Whilst overseeing the keen well-digger, I heard a number of things on Radio 4 yesterday that disturbed me, to say the least. Most of the afternoon’s bulletins were taken up with a slanted condemnation of Le Pen by an almost constant referral to the “thousands” or, in extremis, “tens of thousands” of protesters on the street. Not one single reference was made to the fact that he did after all garner the votes to oust Jospin from the fight. Odder still was my recollection that by comparison last year’s Countryside Alliance pro-hunting march in London was supposed to have produced in excess of half a million people on the streets. However, the general reporting slant was decidedly unfavourable. Hmm.

I am not exactly sure of Monsieur Le Pen’s precise political destination and would probably find it on the crude side. I am not a supporter by any stretch of the imagination, so no skin off my nose, if he doesn’t win the presidential seat. What I do find shocking though is the childishly obvious suppression of any voice that dissents from the European melting pot theory, and the assumption that any anti-immigration stance implies a shaved head and a tattooed forearm.

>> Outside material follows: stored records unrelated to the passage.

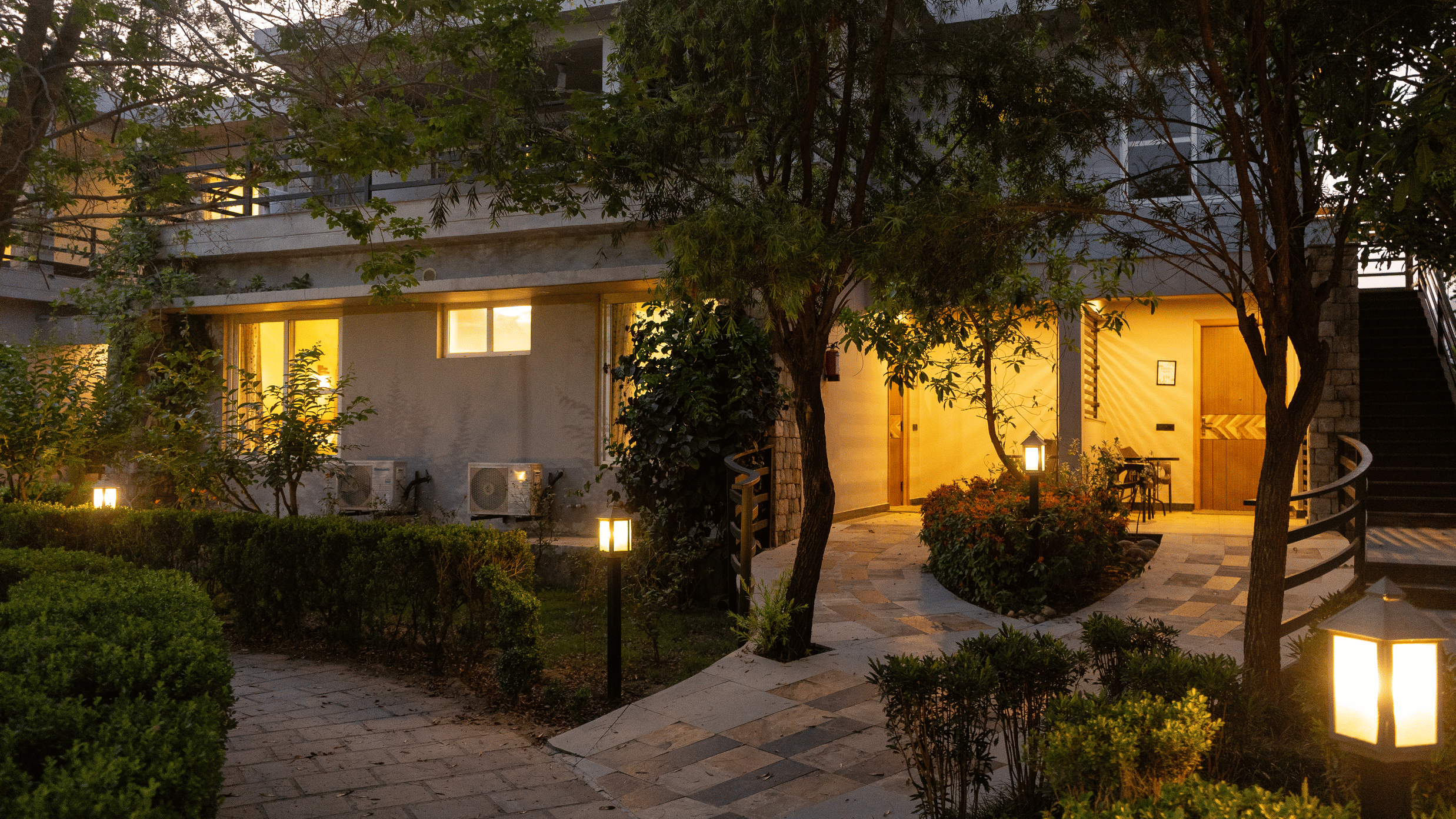 Building's exterior illuminated with warm lights, showing a pathway and garden area at The Golden Tusk, Jim Corbett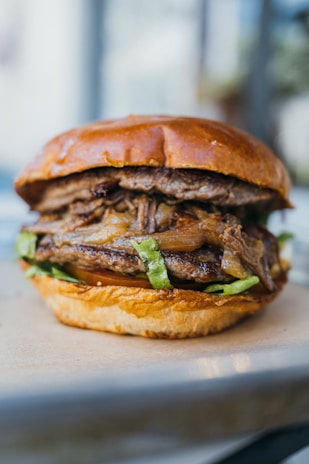 A juicy burger with multiple layers, including a glossy, golden brown bun on top. It features well-cooked meat, grilled onions, and lettuce, with a visible tomato and potentially cheese in the lower section. The focus is sharp, highlighting the textures and colors, with a blurred background suggesting a relaxed, possibly outdoor setting.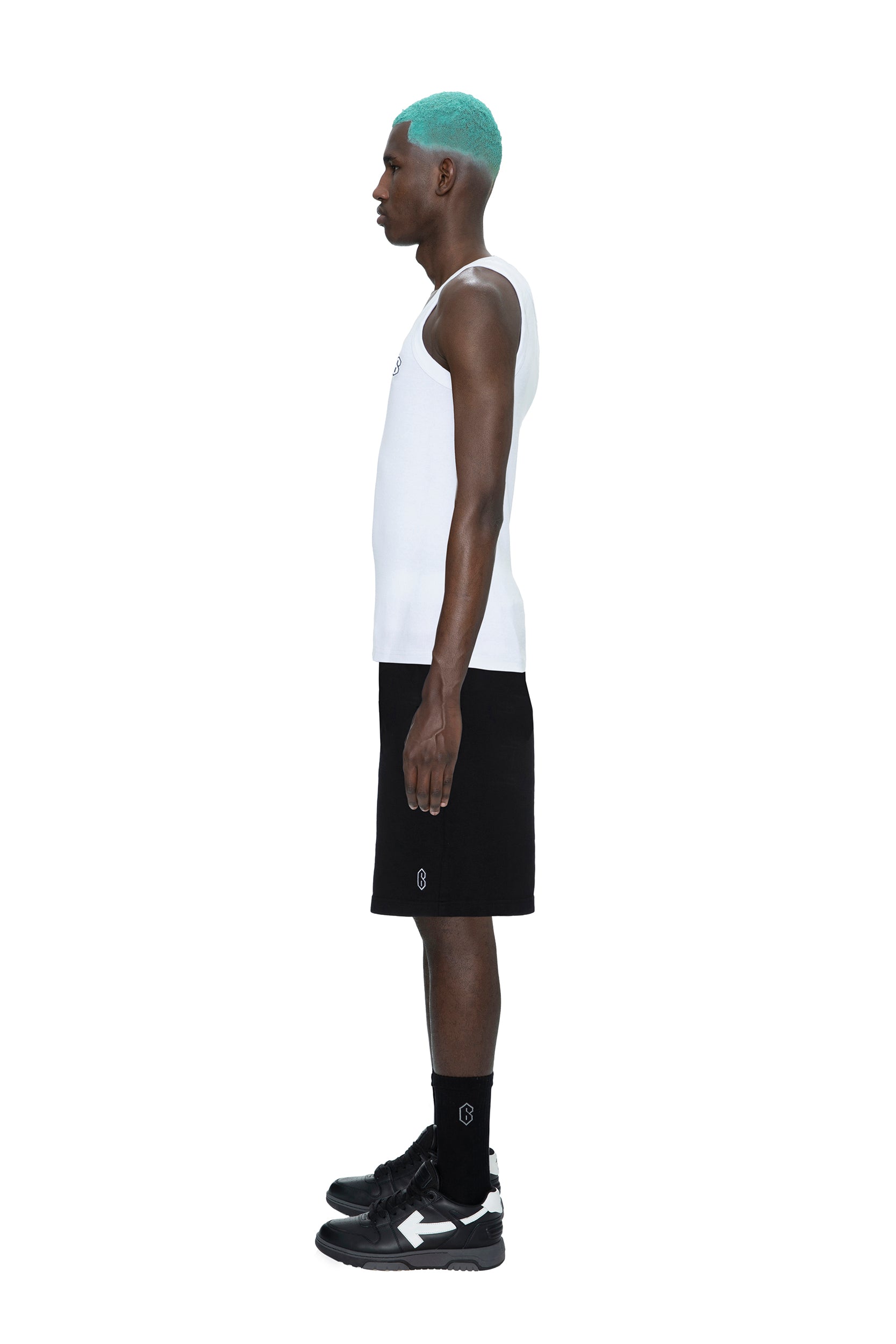 A man with teal hair wears a white tank top, 6PM SWEATSHORTS BLACK, black crew socks, and black sneakers, standing in profile against a plain white background.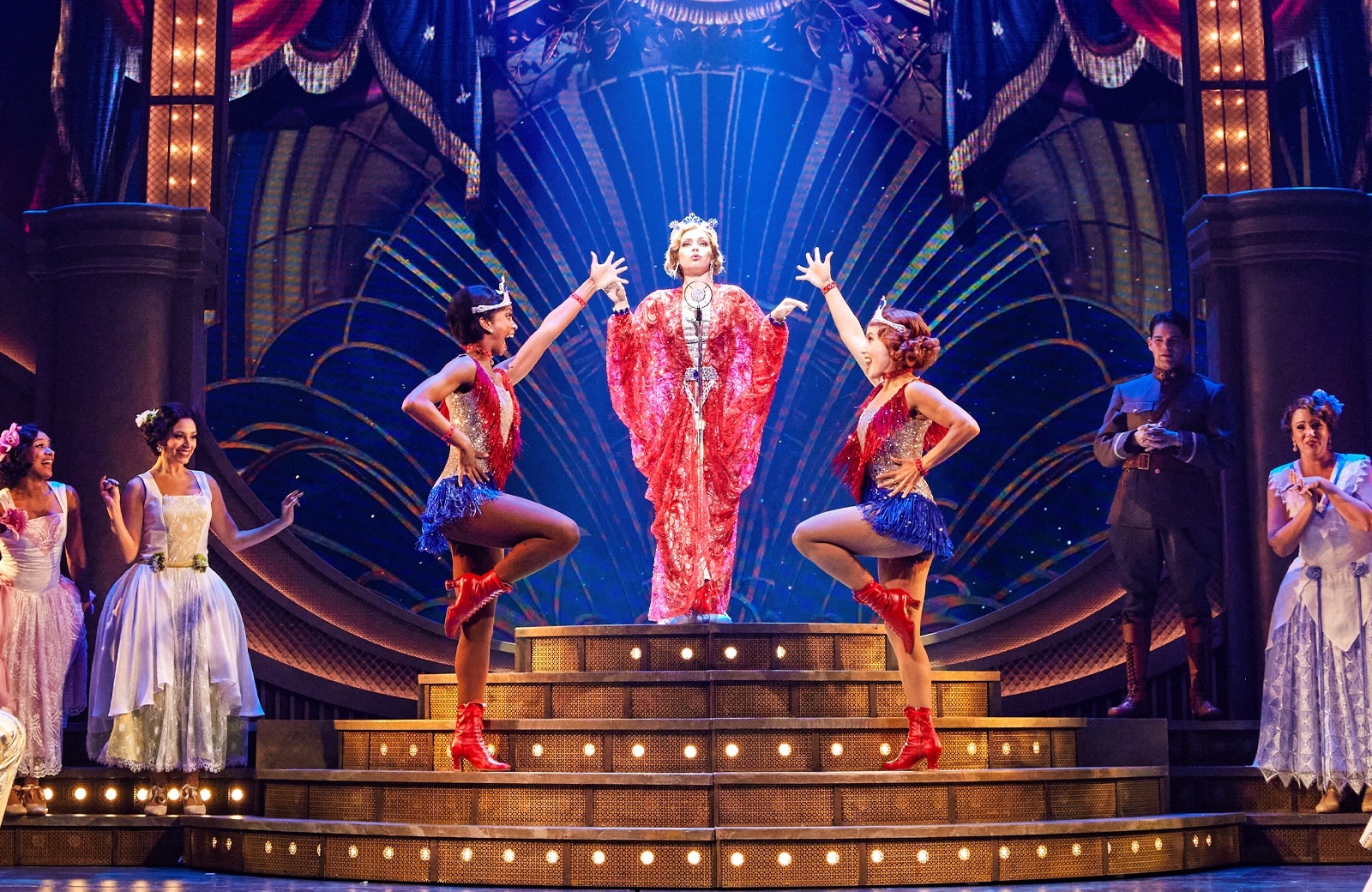 Woman in a red dress in front of a microphone on an elevated stage. Two women on either side with rasied hands. Other actors are on both sides of the stage. The background is blue with touches of gold.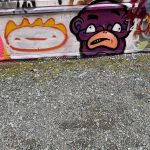 graffiti with a smiling face in orange and yellow paint and a puple frowning face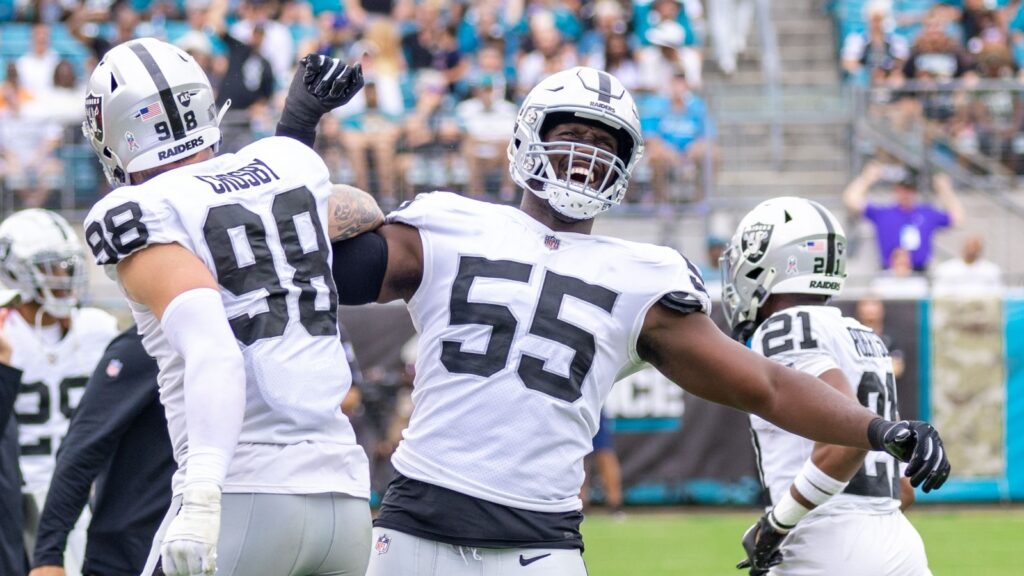 Maxx Crosby celebrating with teammates during an NFL game.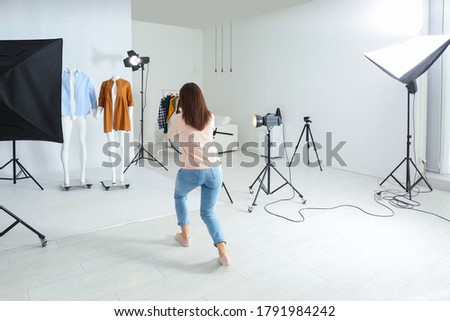 Professional photographer taking picture of ghost mannequins with modern clothes in photo studio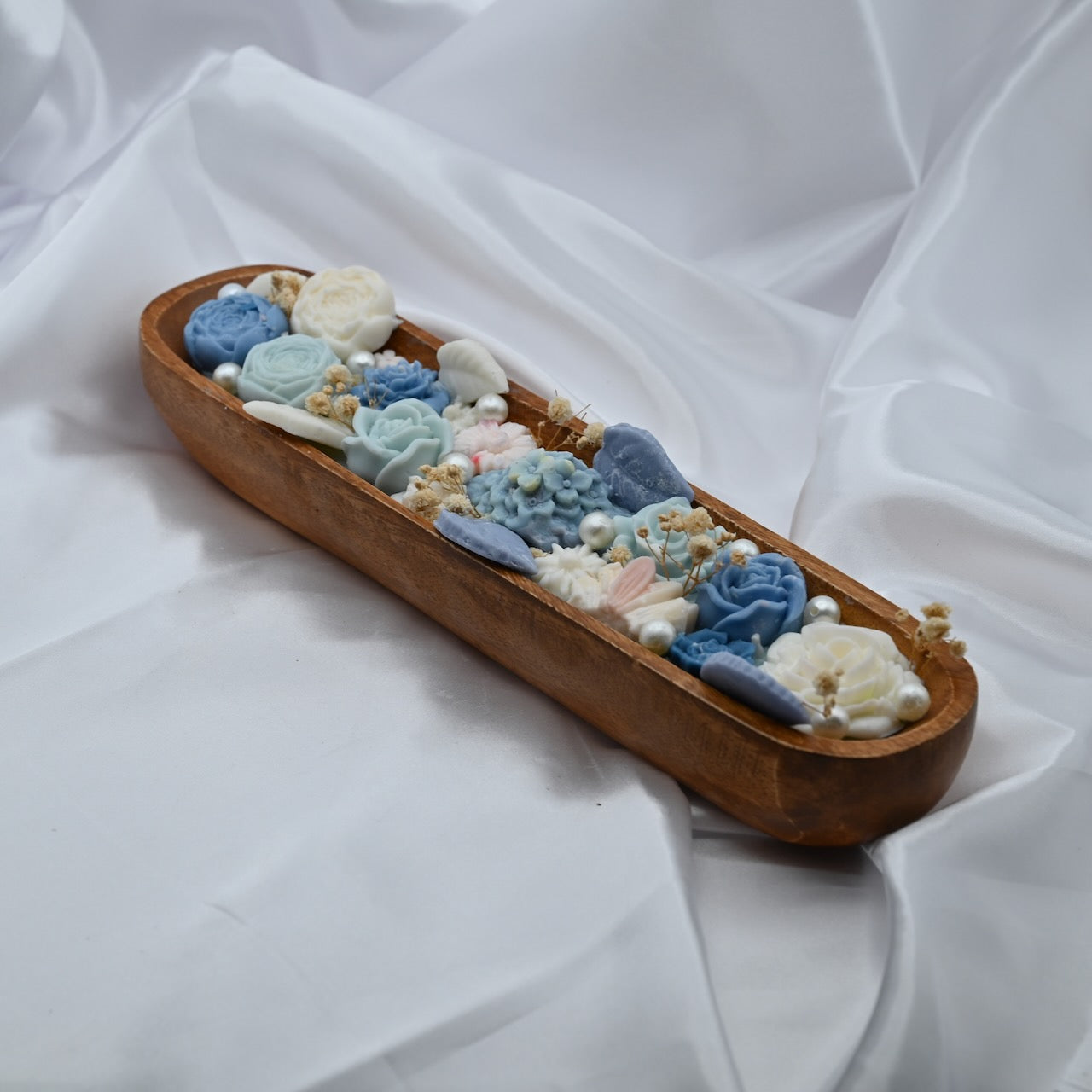 Left view of floral wooden dough bowl candle with blue and ivory wax flowers and pearl accents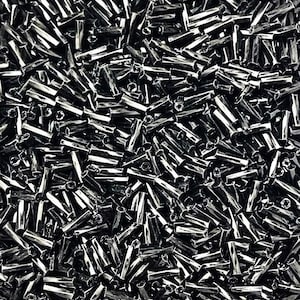 May include: A close-up of a pile of black glass seed beads. The beads are cylindrical with a hole through the middle. The beads are scattered, creating a textured surface.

The problem does not reside in the shape (or lack) of a haircut or the pattern of a tattoo. We are wasting time arguing about the mode of travelling when the real need is to decide on the destination. What happens if we ‘prove’ that the mass immigration of 40 years ago to date was ‘wrong’? The argument is sterile (and therefore futile) as the situation is with us and cannot be humanely reversed. We might as well argue and debate a meritocracy based on the colour of people’s eyes. On the basis that someone born in Europe is an honorary Caucasian, most of the population is on a level. What we must therefore focus on is the evils of the tiered language and cultural gap currently opening and prompted by the left. Le Pen is gaining support from the Franco-Jewish population (courtesy of Radio 4 news) and why? Buried at around 3.30pm in the yesterday’s programme was a possible answer – they are apparently regular victims of Muslim violence in the Parisian suburbs and have had enough. Allowing a separate ‘nation’ to grow within the EU is societal suicide. I am, in accordance perhaps with the previous Lib Sam articles (see related article links below), a fervent supporter of anti-multiculturalism in its accepted sense – that is I believe it’s a load of rubbish and smacks of left wing appeasement and head-buried-in-the-sand denial of reality.

Realpolitik is that we like our neighbours to be like us and we all, whatever our racial origin, need to face up to this reality. Incidentally, my oldest friend is from Sri Lanka. Unless you saw him, you would not know. He is an Englishman, like Nathan Rothschild aspired to be and in the end considered himself to be. Perhaps, more needs to be done to foster the true concept of Englishness or Frenchness or whatever, and less time should be spent on muddled searches a l&agrave: Mr Blair for a sort of crypto-Britishness that is designed to please and appease rather than make sense of cultural and racial diversity.